Pour offrir plus de souplesse aux marchands de presse dans la gestion de leur commerce, le Gouvernement a aussi fait le choix d’instaurer une quasi-liberté d’assortiment des titres.
Cette liberté n’est pas absolue. D’une part, le texte institue un principe de non-discrimination et de transparence au profit de la distribution des publications. D’autre part, l’accès des éditeurs de titres d’information politique et générale à l’ensemble du réseau de distribution est une garantie constitutionnelle qu’il n’est pas question de remettre en cause. Il s’agit de préserver le pluralisme des opinions et la vitalité des débats, et nous en mesurons l’importance.

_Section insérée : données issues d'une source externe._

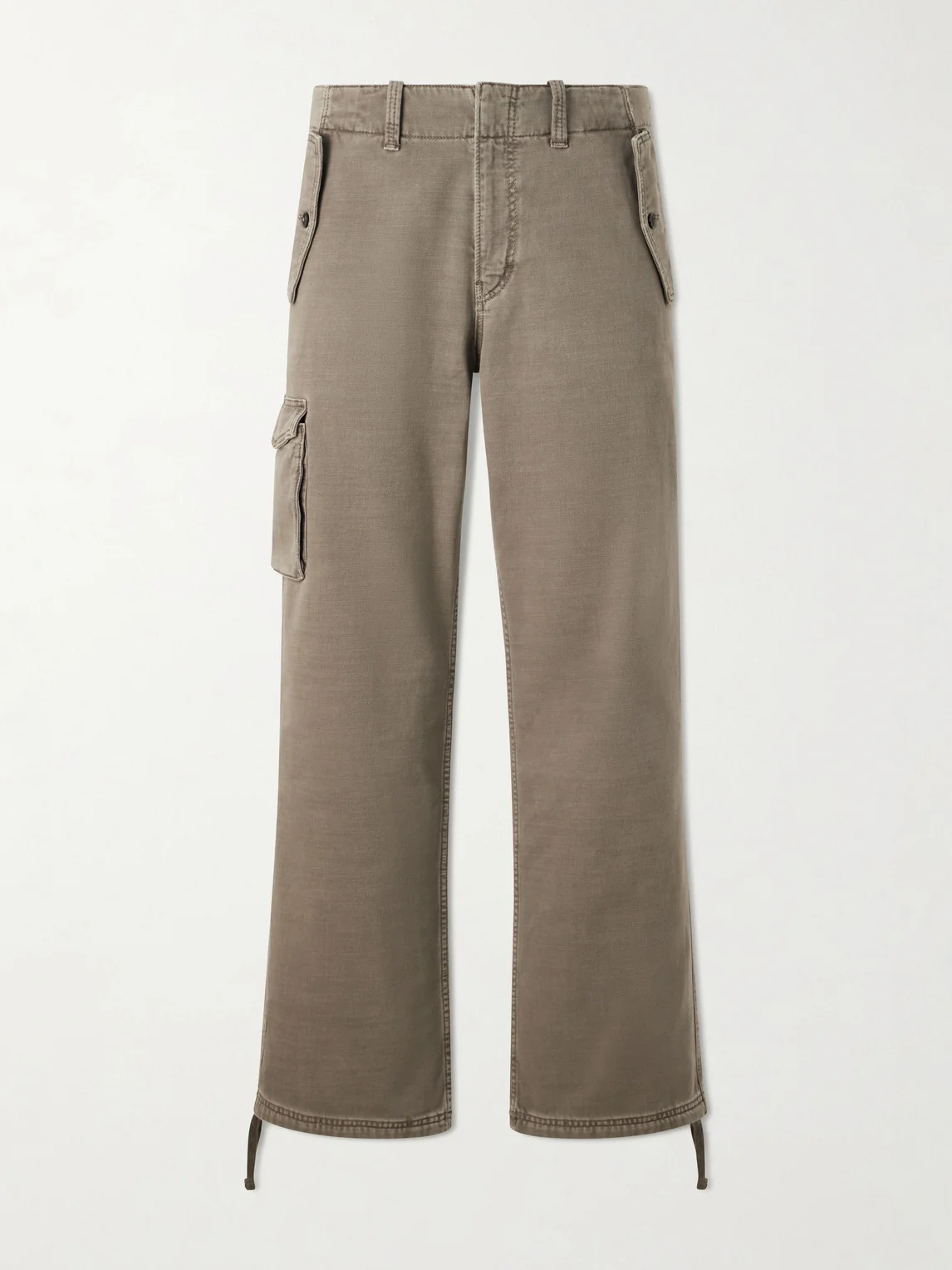 Monti Straight-Leg Cotton-Twill Trousers - 1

Ainsi, le Gouvernement a opté pour une évolution de la loi Bichet, sans rupture avec les grands principes qui ont sous-tendu son adoption, à l’heure de la libération de la France, comme des garde-fous démocratiques contre le déchaînement de la propagande. Ces principes sont plus que jamais d’actualité. Pour reprendre les mots du Conseil national de la Résistance, il nous faut veiller à garder intacts « la liberté de la presse, son honneur et son indépendance à l’égard de l’État, des puissances de l’argent et des influences étrangères ».
À ce titre, mon groupe se félicite de l’adoption par l’Assemblée nationale de l’amendement républicain visant à restreindre les parts pouvant être détenues par un actionnaire extracommunautaire dans une société de distribution de presse. Cette disposition vise précisément à limiter l’immixtion de puissances étrangères, États ou multinationales, dans ce que notre démocratie a de plus sensible : l’opinion publique.

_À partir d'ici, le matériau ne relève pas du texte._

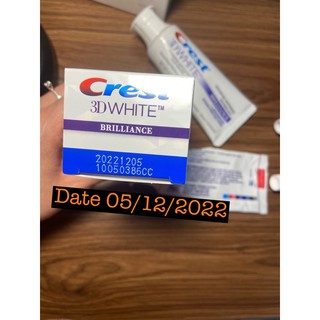 Kem đánh răng Crest 3D White Brilliance (tặng tuýp Crest Mini)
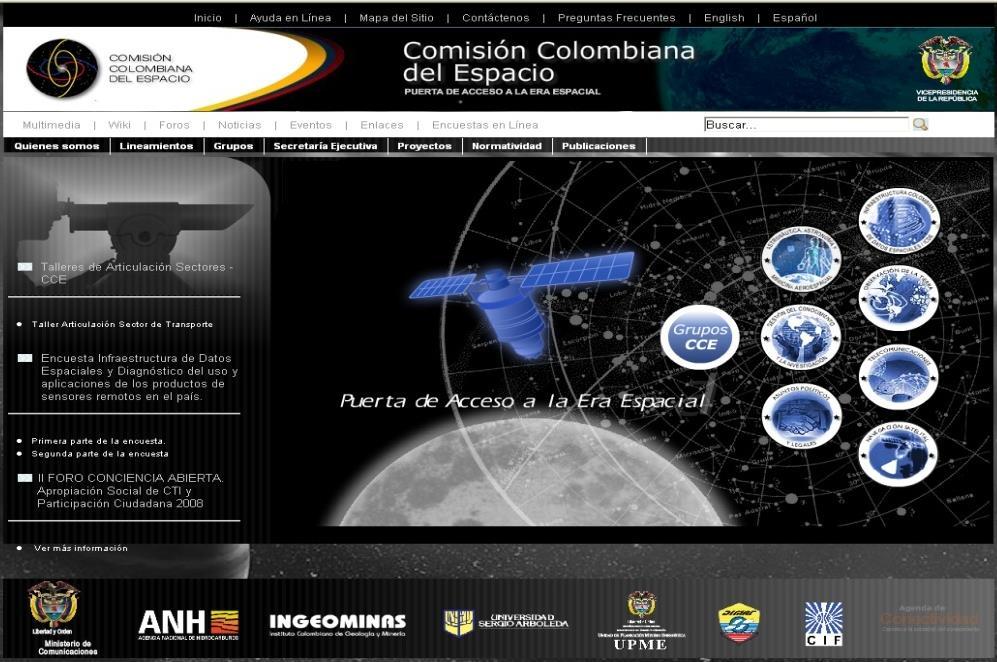 Comisión Colombiana del Espacio Proyectos Prioritarios Satélite Colombiano de Telecomunicaciones Satélite Colombiano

L’opinion publique, en effet, est une proie facile pour les algorithmes des géants du web, les Gafam, créateurs de bulles informationnelles dans lesquelles seules les opinions semblables se rencontrent et se cristallisent.
S’agissant des Gafam, monsieur le ministre, nous suivons très attentivement le dialogue parfois un peu abrasif que vous entretenez actuellement avec eux. Nous avons bien pris note de la présentation que vous avez faite de la situation actuelle. Bien évidemment, nous vous soutenons dans cette démarche.

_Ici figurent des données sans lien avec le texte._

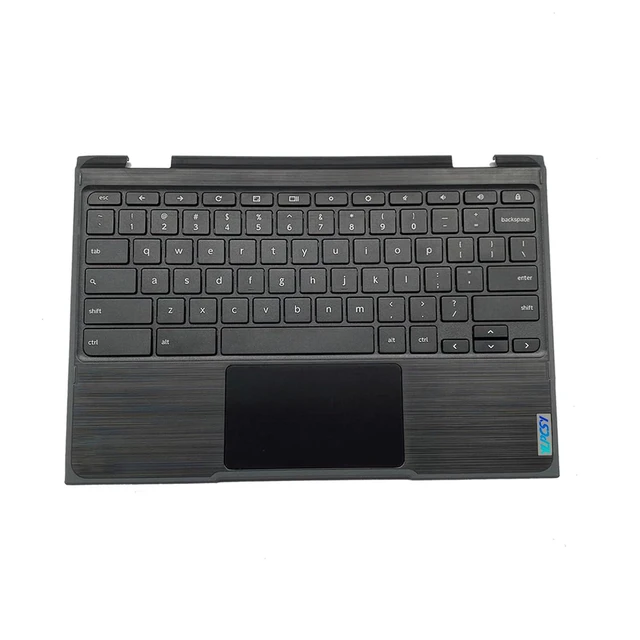 Alt view image 2 of 7 - Replacement for Lenovo 300e Chromebook 2nd Gen AST 82CE Laptop Upper Top Cover Case Palmrest Non-Backlight Keyboard Touchpad Assembly Part Not-Camera 5CB0Z21541 Black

À l’issue des travaux de la commission mixte paritaire, les principaux apports du Sénat ont été conservés.
Pour renforcer le rôle des élus, affectés par les fermetures des points de vente et la désertification des territoires, la commission de la culture – j’en profite pour saluer l’excellent travail de notre rapporteur, depuis le début de l’examen de ce texte et jusqu’aux conclusions de la CMP et au vote de ce jour – a souhaité associer le maire à la décision d’implantation sur sa commune d’un diffuseur de presse, placée sous la responsabilité de la Commission du réseau.
Le Sénat a également renforcé les pouvoirs de l’Arcep, afin de favoriser l’efficacité de la régulation du secteur et sa transparence, notamment à l’égard du Parlement et des organisations professionnelles des diffuseurs de presse, qui seront consultées avant de fixer le cadre de leur rémunération.
Monsieur le ministre, mes chers collègues, ce texte va dans le bon sens. Nous savons que l’avenir de la distribution de la presse dépend de son adoption. Nous ne pouvons que le souligner et soutenir cette réforme.